Modeling thermal conductivity of hydrogen-based binary gaseous mixtures using generalized regression neural network

The accurate measurement of the thermal conductivity of hydrogen is crucial in efficiently integrating hydrogen into diverse applications that encompass storage, utilization, and production. This paper introduces strong intelligent algorithms capable of predicting the thermal conductivity of hydrogen-based binary gaseous mixtures consisting of carbon monoxide (CO), methane (CH4), and carbon dioxide (CO2), based on the mole fractions of these components, pressure, and temperature. To this end, four advanced intelligent models, namely Radial Basis Function (RBF), Cascade Forward Neural Network (CFNN), Multilayer Perceptron (MLP), and Generalized Regression Neural Network (GRNN) were developed. After that, an analysis of graphical and statistical errors was conducted to further examine the precision of the proposed models. The findings revealed a strong alignment between the suggested models and experimental values. Additionally, among the developed models, the GRNN technique was identified as the superior forecasting approach with the (RMSE = 0.00129) and the highest value of the coefficient of determination, (R2 = 0.9987).
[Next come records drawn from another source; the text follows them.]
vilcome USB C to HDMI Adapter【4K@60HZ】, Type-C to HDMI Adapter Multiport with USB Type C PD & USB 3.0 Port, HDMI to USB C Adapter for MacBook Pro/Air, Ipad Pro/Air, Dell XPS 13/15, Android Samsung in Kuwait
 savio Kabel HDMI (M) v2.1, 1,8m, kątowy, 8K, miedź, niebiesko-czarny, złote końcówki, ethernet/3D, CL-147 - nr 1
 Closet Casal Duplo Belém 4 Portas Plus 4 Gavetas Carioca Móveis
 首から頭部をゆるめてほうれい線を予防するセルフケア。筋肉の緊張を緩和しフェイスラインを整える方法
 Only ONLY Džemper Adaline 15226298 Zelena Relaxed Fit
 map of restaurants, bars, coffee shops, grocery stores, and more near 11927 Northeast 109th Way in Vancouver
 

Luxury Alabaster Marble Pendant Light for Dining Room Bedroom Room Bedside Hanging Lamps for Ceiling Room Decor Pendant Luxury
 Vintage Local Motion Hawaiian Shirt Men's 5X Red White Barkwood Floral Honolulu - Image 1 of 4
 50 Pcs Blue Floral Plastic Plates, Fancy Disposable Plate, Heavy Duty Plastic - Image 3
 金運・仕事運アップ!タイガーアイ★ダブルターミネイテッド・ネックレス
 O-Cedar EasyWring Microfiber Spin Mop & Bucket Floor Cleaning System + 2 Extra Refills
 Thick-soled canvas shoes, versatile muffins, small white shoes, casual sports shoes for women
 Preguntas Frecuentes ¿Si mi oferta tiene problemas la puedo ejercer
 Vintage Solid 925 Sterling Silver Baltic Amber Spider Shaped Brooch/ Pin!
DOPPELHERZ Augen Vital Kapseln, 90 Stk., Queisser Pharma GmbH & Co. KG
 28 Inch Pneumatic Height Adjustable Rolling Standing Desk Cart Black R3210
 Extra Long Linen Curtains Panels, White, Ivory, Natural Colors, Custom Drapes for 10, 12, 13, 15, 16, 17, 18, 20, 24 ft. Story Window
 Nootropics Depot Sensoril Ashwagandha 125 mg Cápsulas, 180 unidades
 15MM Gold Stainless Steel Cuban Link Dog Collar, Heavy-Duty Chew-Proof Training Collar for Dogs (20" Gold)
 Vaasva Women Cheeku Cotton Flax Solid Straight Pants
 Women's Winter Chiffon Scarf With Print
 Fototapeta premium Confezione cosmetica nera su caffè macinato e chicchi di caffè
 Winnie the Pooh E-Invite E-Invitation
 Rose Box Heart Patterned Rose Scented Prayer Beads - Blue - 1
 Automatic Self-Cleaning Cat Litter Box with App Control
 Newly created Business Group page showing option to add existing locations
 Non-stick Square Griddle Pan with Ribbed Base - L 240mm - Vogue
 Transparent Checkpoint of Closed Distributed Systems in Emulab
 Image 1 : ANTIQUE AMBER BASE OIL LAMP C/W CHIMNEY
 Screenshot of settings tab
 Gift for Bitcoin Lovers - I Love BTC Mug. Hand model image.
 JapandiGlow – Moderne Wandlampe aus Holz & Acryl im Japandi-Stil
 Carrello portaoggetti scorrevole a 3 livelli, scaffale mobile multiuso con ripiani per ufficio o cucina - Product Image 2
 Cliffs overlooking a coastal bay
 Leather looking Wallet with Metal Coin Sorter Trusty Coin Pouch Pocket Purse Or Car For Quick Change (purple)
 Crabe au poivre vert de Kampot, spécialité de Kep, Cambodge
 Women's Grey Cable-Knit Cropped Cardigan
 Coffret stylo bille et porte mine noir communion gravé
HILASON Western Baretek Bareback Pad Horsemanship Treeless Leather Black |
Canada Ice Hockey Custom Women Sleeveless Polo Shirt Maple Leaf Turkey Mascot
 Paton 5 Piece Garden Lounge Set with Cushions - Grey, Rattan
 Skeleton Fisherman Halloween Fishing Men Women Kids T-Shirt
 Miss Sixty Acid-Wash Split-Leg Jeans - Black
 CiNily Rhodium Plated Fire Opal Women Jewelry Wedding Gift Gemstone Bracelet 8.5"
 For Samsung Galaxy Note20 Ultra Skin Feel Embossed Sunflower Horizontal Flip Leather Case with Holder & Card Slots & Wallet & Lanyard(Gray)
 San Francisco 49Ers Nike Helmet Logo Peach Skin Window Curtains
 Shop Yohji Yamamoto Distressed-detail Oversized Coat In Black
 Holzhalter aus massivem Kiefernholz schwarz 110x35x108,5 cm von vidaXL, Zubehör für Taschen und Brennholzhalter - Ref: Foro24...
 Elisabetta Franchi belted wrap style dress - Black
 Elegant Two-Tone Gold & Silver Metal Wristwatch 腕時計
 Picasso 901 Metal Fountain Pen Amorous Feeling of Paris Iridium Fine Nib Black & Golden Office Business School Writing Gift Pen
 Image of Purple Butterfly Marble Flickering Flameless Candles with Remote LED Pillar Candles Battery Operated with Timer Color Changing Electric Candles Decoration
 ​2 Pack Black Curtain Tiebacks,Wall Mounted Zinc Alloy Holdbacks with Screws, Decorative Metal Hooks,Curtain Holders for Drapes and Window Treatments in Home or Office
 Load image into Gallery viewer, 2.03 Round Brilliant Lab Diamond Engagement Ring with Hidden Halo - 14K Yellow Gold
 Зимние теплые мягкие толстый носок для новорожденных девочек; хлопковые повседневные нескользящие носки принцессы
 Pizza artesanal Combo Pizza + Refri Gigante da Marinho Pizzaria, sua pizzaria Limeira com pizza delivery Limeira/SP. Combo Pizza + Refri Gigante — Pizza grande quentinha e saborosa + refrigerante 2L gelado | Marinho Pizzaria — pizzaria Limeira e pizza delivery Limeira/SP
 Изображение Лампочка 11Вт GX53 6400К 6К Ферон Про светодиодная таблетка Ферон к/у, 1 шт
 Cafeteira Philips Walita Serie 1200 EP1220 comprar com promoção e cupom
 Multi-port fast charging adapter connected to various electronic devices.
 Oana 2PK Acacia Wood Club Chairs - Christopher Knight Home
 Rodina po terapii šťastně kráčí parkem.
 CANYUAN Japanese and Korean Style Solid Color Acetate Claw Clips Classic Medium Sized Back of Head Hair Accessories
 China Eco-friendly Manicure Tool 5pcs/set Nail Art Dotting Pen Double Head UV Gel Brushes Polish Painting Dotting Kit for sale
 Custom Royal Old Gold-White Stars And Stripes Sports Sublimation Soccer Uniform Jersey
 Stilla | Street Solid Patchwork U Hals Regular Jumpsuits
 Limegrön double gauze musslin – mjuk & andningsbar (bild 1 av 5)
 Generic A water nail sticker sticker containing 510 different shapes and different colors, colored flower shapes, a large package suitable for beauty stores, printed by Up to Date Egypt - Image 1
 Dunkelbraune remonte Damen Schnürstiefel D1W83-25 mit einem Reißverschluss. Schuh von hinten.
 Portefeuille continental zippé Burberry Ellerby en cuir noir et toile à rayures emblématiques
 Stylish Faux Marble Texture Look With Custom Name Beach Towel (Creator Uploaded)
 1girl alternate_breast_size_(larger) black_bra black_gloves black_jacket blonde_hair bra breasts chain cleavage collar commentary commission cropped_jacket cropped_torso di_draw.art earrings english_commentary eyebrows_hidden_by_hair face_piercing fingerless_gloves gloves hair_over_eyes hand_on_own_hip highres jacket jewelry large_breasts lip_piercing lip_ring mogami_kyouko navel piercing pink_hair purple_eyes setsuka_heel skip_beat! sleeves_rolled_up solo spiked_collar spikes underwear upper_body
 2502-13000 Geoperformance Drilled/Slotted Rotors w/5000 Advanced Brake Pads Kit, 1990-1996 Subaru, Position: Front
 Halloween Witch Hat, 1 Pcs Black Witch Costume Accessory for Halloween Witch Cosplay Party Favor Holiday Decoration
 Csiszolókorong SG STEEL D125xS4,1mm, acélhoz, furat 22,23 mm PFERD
Moreover, the sensitivity analysis of the GRNN model indicates that hydrogen composition has the highest influence on the thermal conductivity of hydrogen-based gaseous mixtures, as evidenced by the relevancy factor value of 0.881. The assessment of group errors also demonstrates that the proposed models exhibit high accuracy when confronted with higher temperatures and pressures. Ultimately, the Leverage analysis was employed to evaluate the dependability of the new paradigm, revealing that more than 97% of the data falls within the applicable range of the paradigm.